In recent years, the demand for adaptive (online) processing has been increasing due to the fact that many applications generate a huge number of data streams over time. In parallel, missing data are ubiquitous and more and more common in the modern datasets. In this talk, we propose two new provable algorithms for tracking online low-rank approximations of higher-order streaming tensors in the presence of missing data. The first algorithm, dubbed adaptive CP decomposition (ACP), minimizes an exponentially weighted recursive least-squares cost function to obtain the tensor factors in an efficient way, thanks to the alternative minimization framework and the randomized sketching technique. Under the Tucker model, the second algorithm called adaptive Tucker decomposition (ATD), which is more flexible than the first one, first tracks the underlying low-dimensional subspaces overing the tensor factors, and then estimates the core tensor using a stochastic approximation. Both algorithms are fast and require a low computational complexity and memory storage. A unified convergence analysis is presented for ACP and ATD to justify their performance. Experiments indicate that the two proposed algorithms are capable of the adaptive tensor decomposition problem with competitive performance on both synthetic and real data.
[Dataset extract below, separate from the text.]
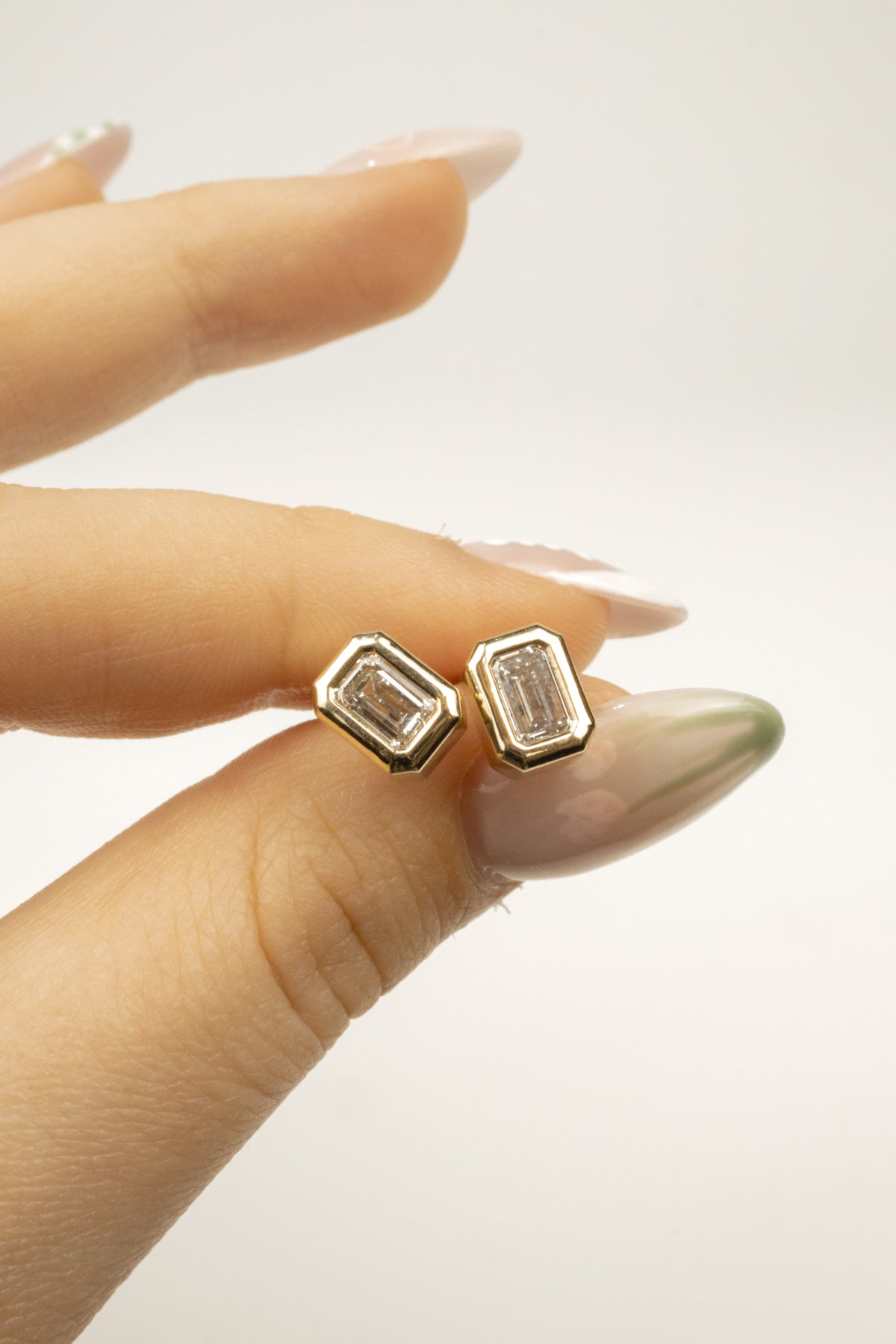 Farah Diamond Earrings- 1.5ctw Emerald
Robust Gaussian mixture model for data imputation and anomaly detection - Application to crop monitoring

F. Moureta (TerraNIS, University of Toulouse), M. Albughdadia (TerraNIS), S. Duthoita (TerraNIS), D. Kouamé (University of Toulouse) , G. Rieua (TerraNIS) and J.-Y. Tourneret (University of Toulouse)

Remote sensing applications are generally affected by the presence of missing data. It is especially the case when the data are acquired using multi-spectral imagery satellites, which are sensitive to cloud coverage. To address this issue, we propose a robust imputation approach based on a Gaussian mixture model (GMM). The main originality of the proposed approach is to use outlier scores resulting from an outlier detection algorithm within the EM algorithm to 1) detect abnormal agricultural parcels and 2) have a robust parameter estimation of the GMM parameters. Experimental results conducted on rapeseed and wheat crops using Sentinel-1 and Sentinel-2 data show that GMM outperforms the other reconstruction strategies tested, and lead to better detection of anomalous crop development. Moreover, the robust GMM approach is particularly useful if the dataset is corrupted by strong outliers, e.g., coming from a different crop type than the analyzed parcels.

Robust low-rank covariance matrix estimation with missing values and application to classification problems

A. Hippert-Ferrera (L2S, CentraleSupelec), M. N. El Korso (University Paris Nanterre), A. Breloy (University Paris Nanterre) and G. Ginolhac (Savoie Mont Blanc University)

Missing values are inherent to real-world data sets. Statistical learning problems often require the estimation of parameters as the mean or the covariance matrix (CM). If the data is incomplete, new estimation methodologies need to be designed depending on the data distribution and the missingness pattern (i.e. the pattern describing which values are missing with respect to the observed data). This talk considers robust CM estimation when the data is incomplete. In this perspective, classical statistical estimation methodologies are usually built upon the Gaussian assumption, whereas existing robust estimation ones assume unstructured signal models. The former can be inaccurate in real-world data sets in which heterogeneity causes heavy-tail distributions, while the latter does not profit from the usual low-rank structure of the signal. Taking advantage of both worlds, a CM estimation procedure is designed on a robust (compound Gaussian) low-rank model by leveraging the observed-data likelihood function within an expectation-maximization (EM) algorithm. After a validation on simulated data sets with various missingness patterns, the interest the proposed procedure is shown for CM-based classification and clustering problems with incomplete data. Investigated examples generally show higher classification accuracies with a classifier based on robust estimation compared to the one based on Gaussian assumption and the one based on imputed data.